The New and Almost Complete App Store
Written by 7 February 2010 | by Willem Reyners Tay   
Wednesday, 17 February 2010

More than twenty leading mobile carriers have joined forces in an attempt to create a universal mobile application platform. Its a move that directly competes with Apple and Google's platform based app stores in the lucrative mobile application market which is predicted to be worth $17billion by 2014.
Dubbed the "Wholesale Applications Community" (WAC) the initiative includes AT&Y, China Mobile, Orange, Singtel and Vodafone as well as Samsung, LG and Sony Ericsson.


The WAC will allow developers to write mobile apps for one platform which will be able to used on multiple devices and platforms. The application landscape is getting ever more fragmented as more smartphone platforms are hitting the market.
According to a statement on the organisations website:
"The primary role and objective of the alliance is to create a ’wholesale applications community’ that will establish a simple route to market for developers, in turn, providing access to the latest and widest range of innovative applications and services to as many customers as possible worldwide. This alliance will deliver scale unparalleled by any application distribution ecosystem in existence today."
The alliance already claims to have a customer base of over 3 billion users.
In addition to the iPhone, there are now app stores for Android, Blackberry, Nokia Ovi and Windows Mobile (and the upcoming Windows Mobile 7). Samsung have also announced the first device on its new Bada operating System, with Nokia announcing yet another platform dubbed MeeGo in collaboration with Intel.

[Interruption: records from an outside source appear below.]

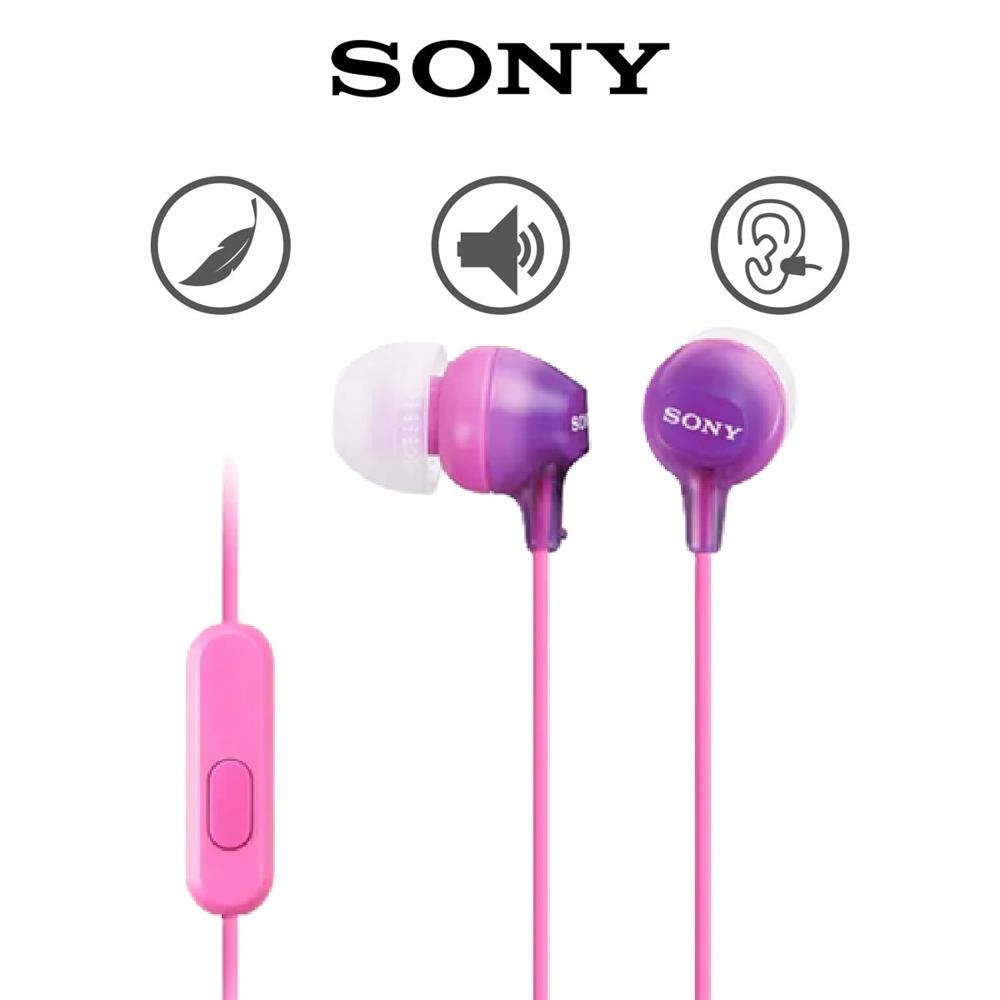 Sony Audífonos MDR-EX15AP In Ear con Micrófono Violeta Sony Audífonos MDR-EX15AP In Ear con Micrófono Violeta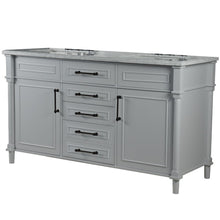Load image into Gallery viewer, Bellaterra 60&quot; Double Vanity with White Carrara Marble Top 800632-60DBL-LG-WH, Gray, Front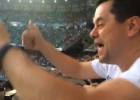 Real Madrid's biggest fan celebrates the opening goal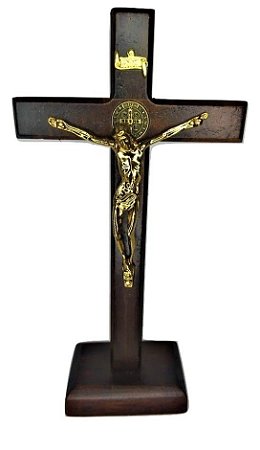 Crucifixo de mesa natural São Bento Verniz Fosco 18 cm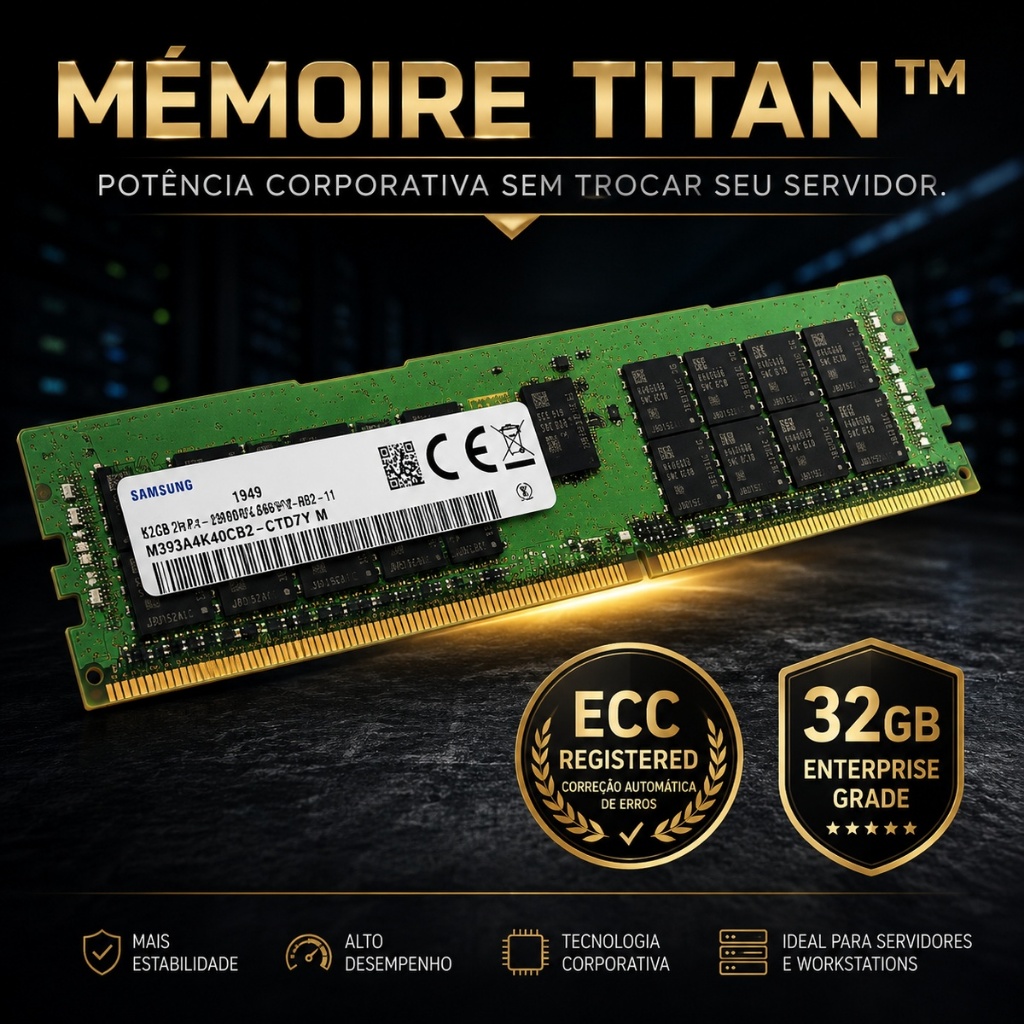 Memória PC Samsung RAM 32GB DDR4 Servidor Desktop Notebook 2666 MHz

The fragmentation of the smartphone application market has led to concerns that it would leave many devices without thriving ecosystems as developers would be reluctant to write applications for multiple platforms.
Whilst the consortium is at pains to stress that WAC will be a boon for developers, the real motivation is the desire of carriers to tap into the lucrative mobile application market which has largely bypassed them up till now. The concern by carriers has even led to reports of Optus blocking access to paid apps on the Android Market in favour of it's own cross-platform application store.
Carriers could also be nervous as social networking sites like Facebook and Twitter are increasingly being used on mobile devices, potentially cutting into revenues from SMS and MMS messaging.
Many analysts are predicting that the carriers will find it hard to make such an ambitious plan work.  Google's vice president of engineering Andy Rubin told the Guardian that he was sceptical that such a plan could possibly work.
"There is always a dream that you could write (a program) once and (have it) run anywhere and history has proven that that dream has not been fully realised and I am sceptical that it ever will be," he said "I just hope that the people who are managing that (WAC) really understand technology deep enough to fulfil that promise because it's an awfully big promise."